The information set forth in response to each separate Item below shall be deemed to be a
response to all Items where such information is relevant. The Original Schedule 13D is hereby
amended as follows:
ITEM 2. Identity and Background.
Item 2 of the Original Schedule 13D is hereby amended and restated as follows:
(a) This Schedule 13D is being filed by Cyrus Capital Partners, L.P., a Delaware limited
partnership (Cyrus), Cyrus Capital Partners GP, L.L.C., a Delaware limited liability
company (Cyrus GP), and Mr. Stephen C. Freidheim (each of Cyrus, Cyrus GP and Mr.
Freidheim, collectively, the Reporting Persons).
This Schedule 13D relates to Shares held for the account of certain private investment funds for
which Cyrus acts as investment adviser (the Cyrus Funds). Cyrus GP is the general
partner of Cyrus. Mr. Freidheim is the managing member of Cyrus GP.
Each Reporting Person disclaims beneficial ownership of all shares of New Common Stock (as defined
below) in which such Reporting Person does not have a pecuniary interest.
(b) The business address of each of the foregoing Reporting Persons is 399 Park Avenue,
39th Floor, New York, New York 10022.
(c) Mr. Freidheim is the Chief Investment Officer of Cyrus.
(d) During the last five years, none of the Reporting Persons has been convicted in a criminal
proceeding (excluding traffic violations or similar misdemeanors).
(e) During the last five years, none of the Reporting Persons was a party to a civil proceeding of
a judicial or administrative body of competent jurisdiction and as a result of such proceeding was
or is subject to a judgment, decree or final order enjoining future violations of, or prohibiting
or mandating activities subject to, federal or state securities laws or finding any violation with
respect to such laws.
(f) Mr. Freidheim is a citizen of the United States.
ITEM 3. Source and Amount of Funds or Other Consideration.
Item 3 of the Original Schedule 13D is hereby amended and restated as follows:
The Shares were acquired in open market purchases using internally generated funds of the Cyrus
Funds and the personal funds of Mr. Freidheim. Such funds were converted into shares of the
Issuers new Common Stock, par value $0.01 per share (New Common Stock) and five-year
warrants of the Issuer to purchase New Common Stock at an initial exercise price of $58.80 per
share (the Old Equity Warrants) pursuant to the Fifth Amended Plan (as defined below).
Upon effectiveness of the Fifth Amended Plan (as defined below), the Senior Notes (as defined
below) were cancelled and converted into shares of New Common Stock and ten-year warrants of the
Issuer to purchase New Common Stock at an initial exercise price of $9.66 per share (the
Guaranty Warrants and, together with the Old Equity Warrants, the Plan
Warrants) pursuant to the Fifth Amended Plan (as defined below) as described in Item 6 below.

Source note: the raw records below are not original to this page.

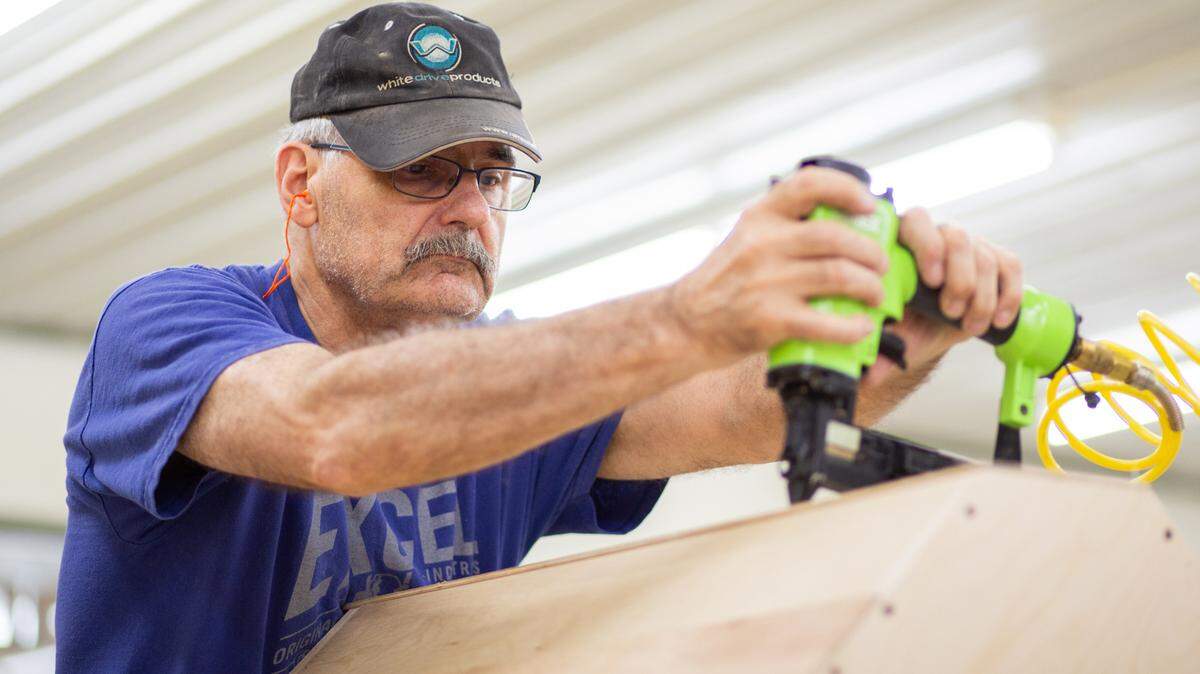 Volunteer Harlan Bartel assembles a corner piece of a cabinet set for the Kansas unit of the Mennonite Disaster Service. MDS is a non-profit organization dedicated to rebuilding communities after disaster or helping those in need.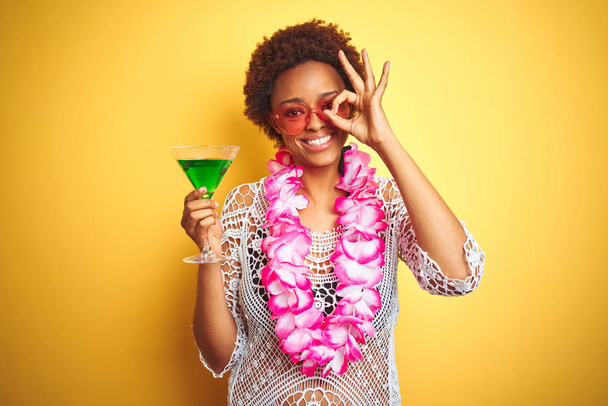 Mujer afroamericana joven con pelo afro vistiendo lei hawaiano flor y bebiendo un cóctel con la cara feliz sonriendo haciendo signo bien con la mano en el ojo mirando a través de los dedos
 - Foto, imagen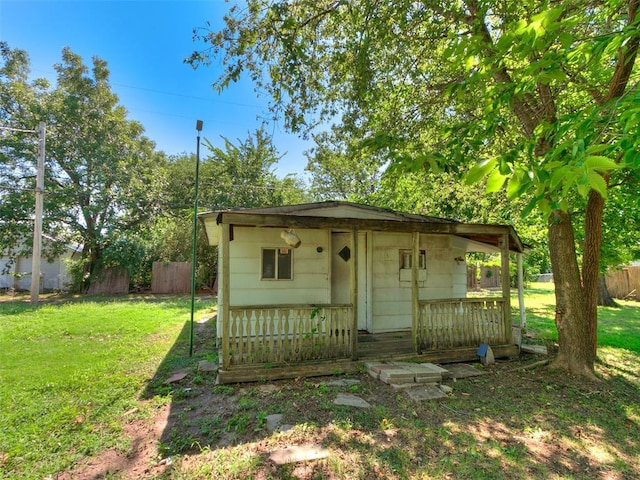 view of outbuilding with a yard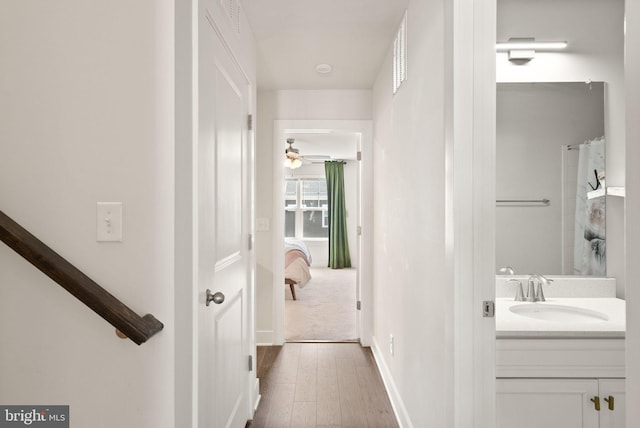 hall with baseboards, a sink, and wood finished floors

Mr. Freidheim acquired additional New Common Stock in a private offering using personal funds. The
information set forth in Item 6 of this Amendment is hereby incorporated herein by reference.
ITEM 4. Purpose of Transaction.
Item 4 of the Original Schedule 13D is hereby amended and restated as follows:
On October 1, 2010, the following directors departed the Issuers board of directors (the Board)
in connection with the Issuers emergence from Chapter 11 proceedings and pursuant to the Fifth
Amended Plan (as defined below): Steven K. Hamp, Patricia L. Higgins, Alex J. Mandl, Charles L.
Schaffer, Richard J. Taggart, James D. Thornton and Kenneth B. Woodrow.
Page 5 of 9
On October 1, 2010, pursuant to the Fifth Amended Plan (as defined below), the Board was
reconstituted, subject to the completion of the Issuers administrative process, to consist of
Messrs. Donald J. Stebbins (Chairman), Philippe Guillemot, Herbert Henkel, Mark Hogan, Jeffrey D.
Jones, Karl J. Krapek, Timothy D. Leuliette, and William E. Redmond, Jr.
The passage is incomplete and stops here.